[GIS] Polygon with the same points over and over

cshapefile

I am in the process of reading shapefiles (provided to us by the vendor dealing with GIS products) using a C# program and loading them into a SQL database. I first read the text for the shape and then use that text to update my geometry and geography types. And I am doing this as part of a SSIS package.

My SSIS package failed on one shapefile and threw me an exception:

A .NET Framework error occurred during execution of user-defined
routine or aggregate "geometry": System.FormatException: 24305: The
Polygon input is not valid because the ring does not have enough
distinct points. Each ring of a polygon must contain at least three
distinct points.

After running some manual updates, I found the record that was giving me grief. Then I took out parts of the multi-polygon and ran individual selects on them, creating individual polygons, e.g.

SELECT geometry::STGeomFromText('POLYGON(( 118.501323586697 -20.3203577291617, 118.504216161911 -20.3220101539757, 118.502671059623 -20.3212136027048, 118.501323586697 -20.3203577291617 ))', 4326).MakeValid()

Finally, I found the polygon that was the problem shape: 'POLYGON(( 118.860739531873 -20.2274797478397, 118.860739531873 -20.2274797478397, 118.860739531873 -20.2274797478397, 118.860739531873 -20.2274797478397 ))'

I am trying to understand how to fix this so my SSIS package runs and translates and loads my SQL tables without me having to fix up anything manually.

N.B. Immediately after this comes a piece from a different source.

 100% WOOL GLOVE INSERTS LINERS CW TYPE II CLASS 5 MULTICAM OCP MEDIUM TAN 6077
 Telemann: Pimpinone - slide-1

Any help will be greatly appreciated.

Best Answer

Any ETL process is about digesting data. Somewhere along your path, you are trying to digest bad data.

So how would you write a system that tries to digest, say, a point and tries to load it into a polygon?

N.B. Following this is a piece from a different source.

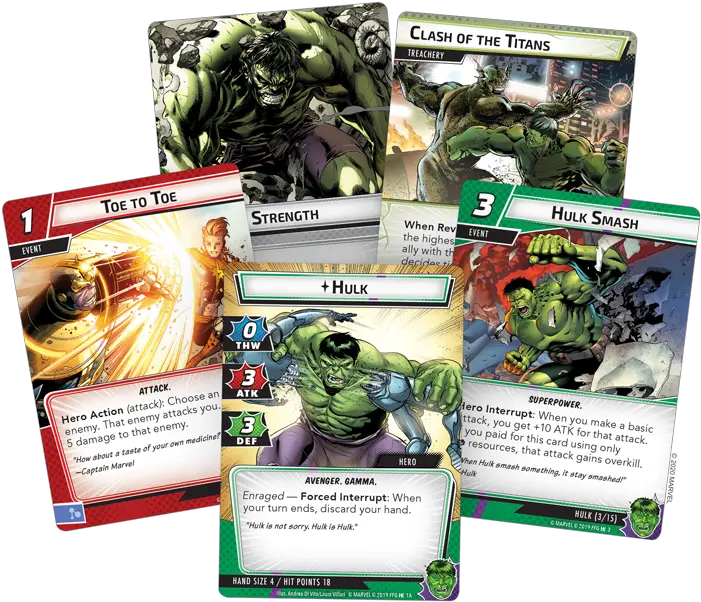 The Incredible Hulk Marvel Champions Card Game Png Hulk Smash Png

Sure you can write stuff to allow to digest it. If it is a point, well, then buffer it by 5 meters! bam! You have a digestable geometry without manual intervention.

But that is not the point.

Currently you are thinking of your ETL process as a binary black box for your user ("works" vs "does not work") - and you want the "does not work" to go away.

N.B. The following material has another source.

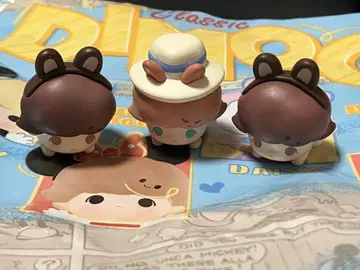 팝마트 디즈니 DIMOO POPBEAN 피규어 칩 데일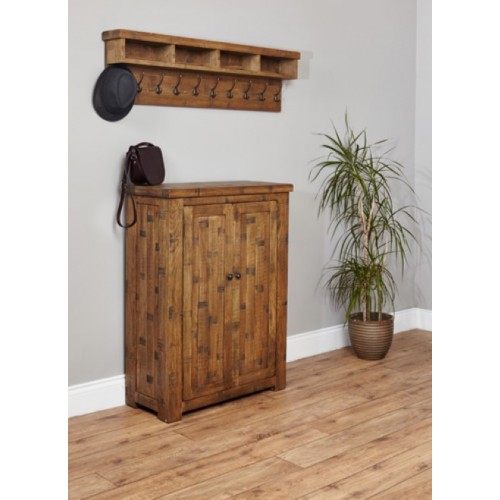 Heyford Rough Sawn Oak Shoe Cupboard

This is fundamentally a fallacy.

Think of your ETL process as a series of gates instead. Some things can pass, and some things cannot. That crap polygon you have there, most certainly came from a geoprocessing function or a topology snapping operation where the geometry collapsed onto itself because of some tolerance problem.

You don't want that in your GIS until it is fixed.

The gate should stop it, because, trust me, that polygon will cause more problems if it is let inside the rest of your GIS.

My point is that silent failures is most of the time (with some exceptions) a bad approach - even more so for ETL.